D) A young man invites his live-in lover's ex, with whom the live-in lover has a newborn daughter, to move in with the baby.

If you answered D, you're correct, and not just because it's the only one with neither nefariousness nor ulterior motives on the dramatic menu. All four scenarios involve current or former couples on Days of Our Lives, NBC's sole remaining daytime soap, but only one, Will Horton and Sonny Kiriakis, qualifies as its first gay supercouple.

They stand out from the others in another significant way that has nothing to do with sexual identity: As several Days characters have pointed out, Will and Sonny just might be the happiest couple in Salem, the soap's fictional Midwestern setting.

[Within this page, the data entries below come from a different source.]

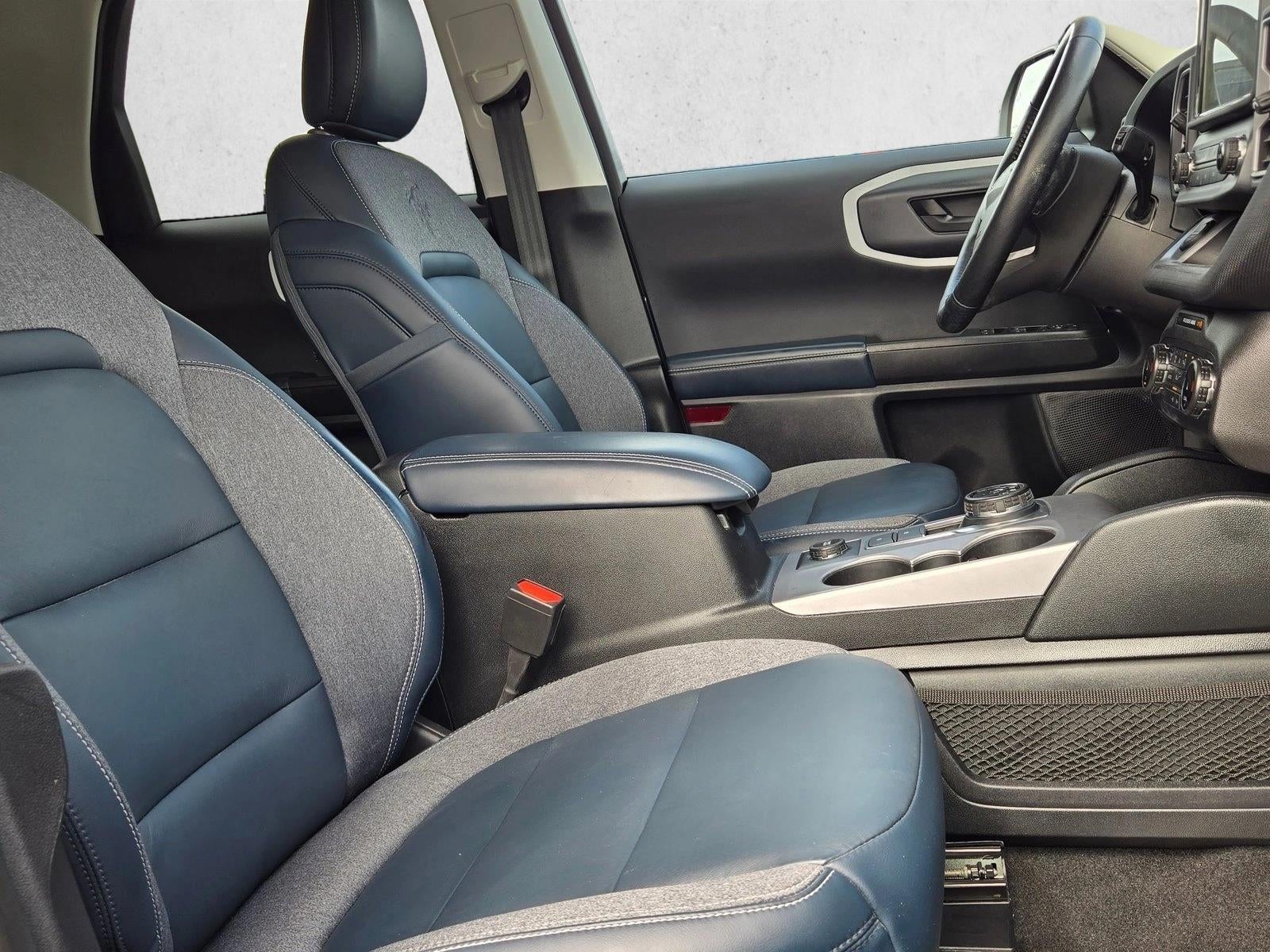2022 Ford Bronco Sport Outer Banks 4x4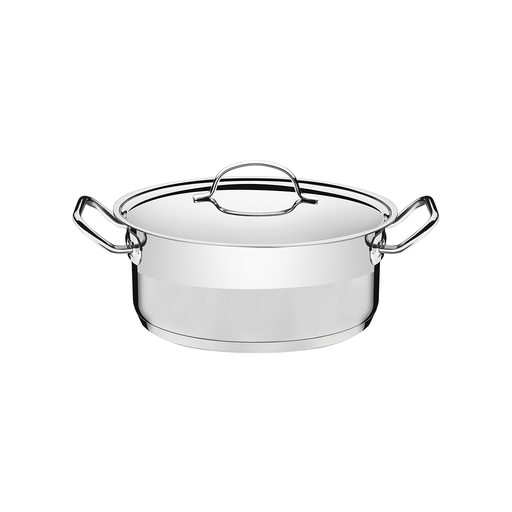 [62623200] CACEROLA EN ACERO INOXIDABLE FONDO TRIPLE Ø20 CM. 2,9L. PROFESSIONAL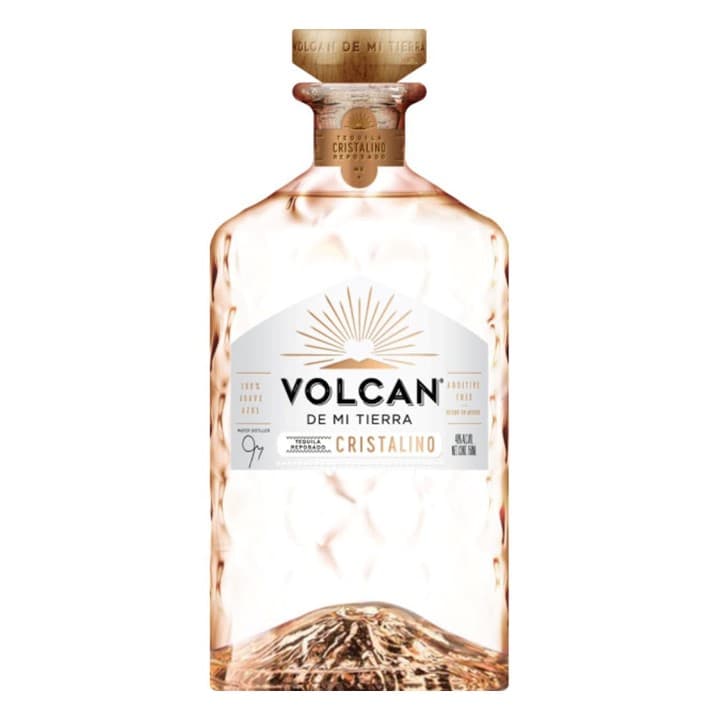 Tequila Cristalino Volcán de mi Tierra 750ml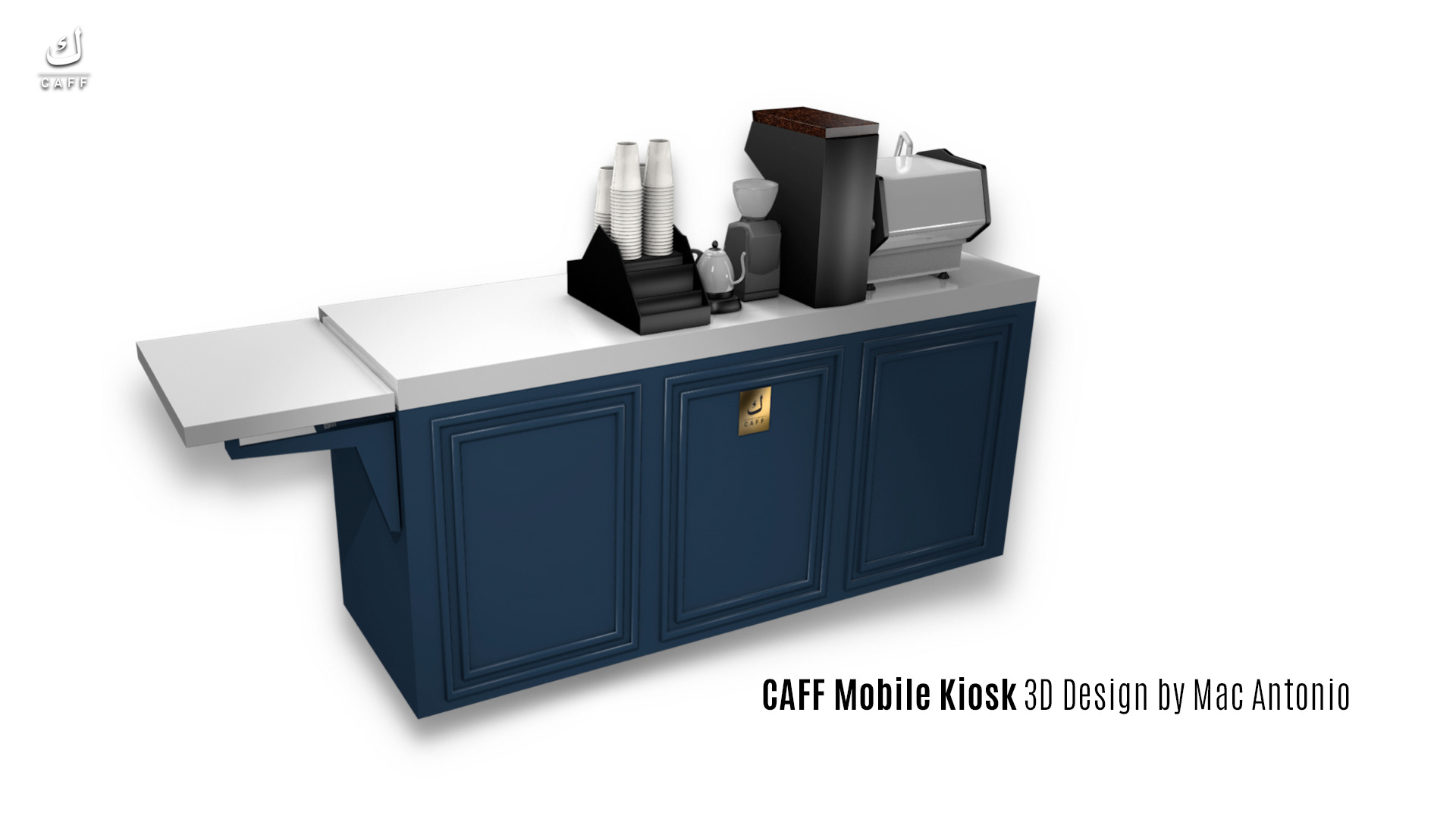 CAFF Mobile Kiosk-Front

In the nearly two years since Will and Sonny became "WilSon" (as they're affectionately known by fans), they've weathered the requisite multiple soap storms: blackmail, a murder trial, secrets and lies, homophobia and even a madman's bullet that nearly killed Will. Through each ordeal, they've emerged a little stronger than they were going into it. Now they're facing what might be their greatest challenge yet: marriage. Last month, Will and Sonny said "I do" in daytime's first legal gay wedding and possibly the first in Days history not to be derailed by some tawdry revelation (see A above, the spoiler of Days' last almost-nuptials).

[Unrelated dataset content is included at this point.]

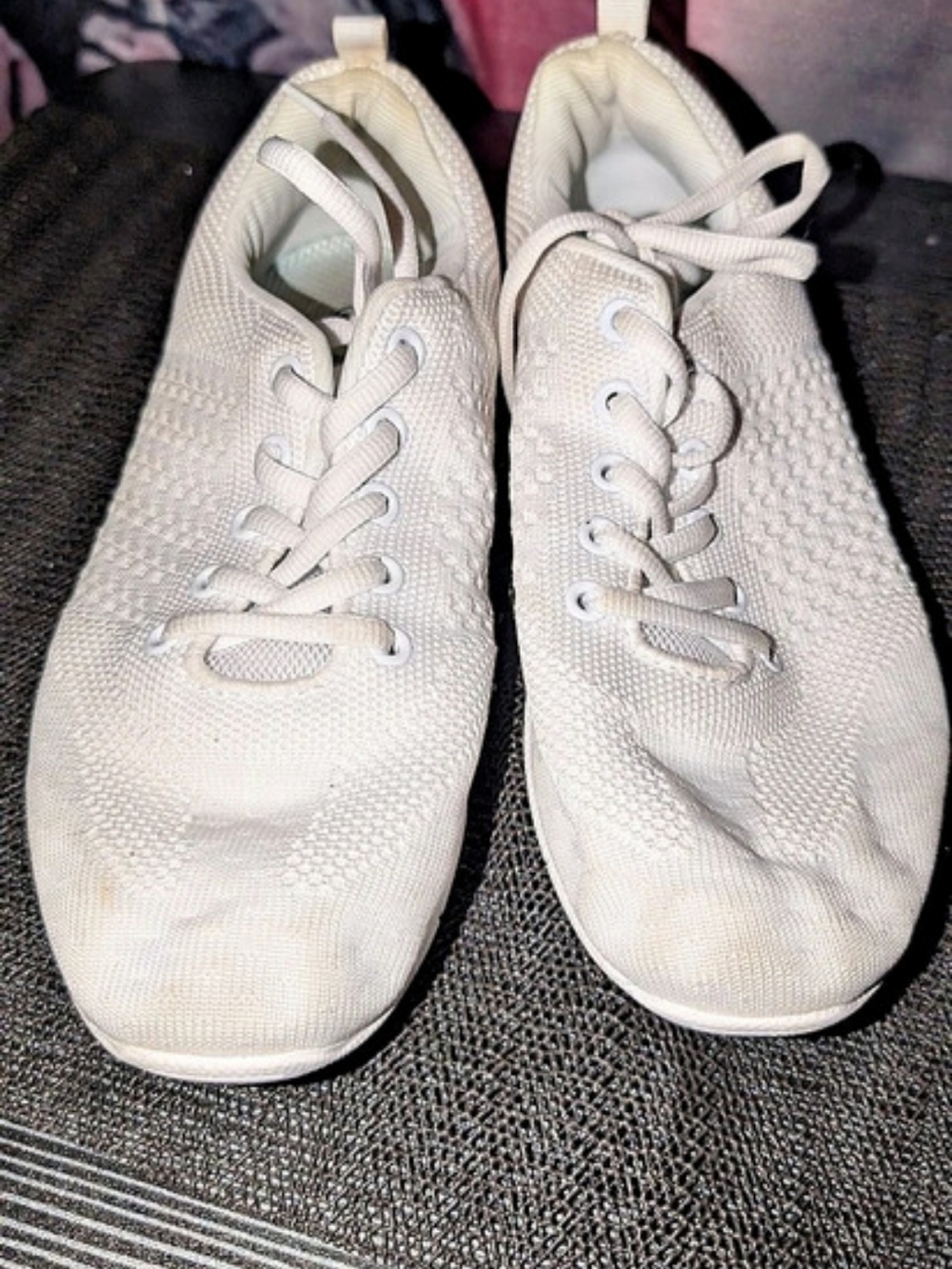 CADDIL knit sneakers White EU 38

If you're asking the obvious question facing any solid couple - How do they do it? - consider another: How did a show with such strong religious and moral overtones, one with a priest as a romantic lead, one in which a main character was once possessed by Satan himself, one with a leading lady (Melissa Reeves, who plays Will's aunt Jennifer Devereaux) who faced major backlash two years ago for supporting Chick-fil-A on Twitter, become arguably TV's greatest champion of gay romance?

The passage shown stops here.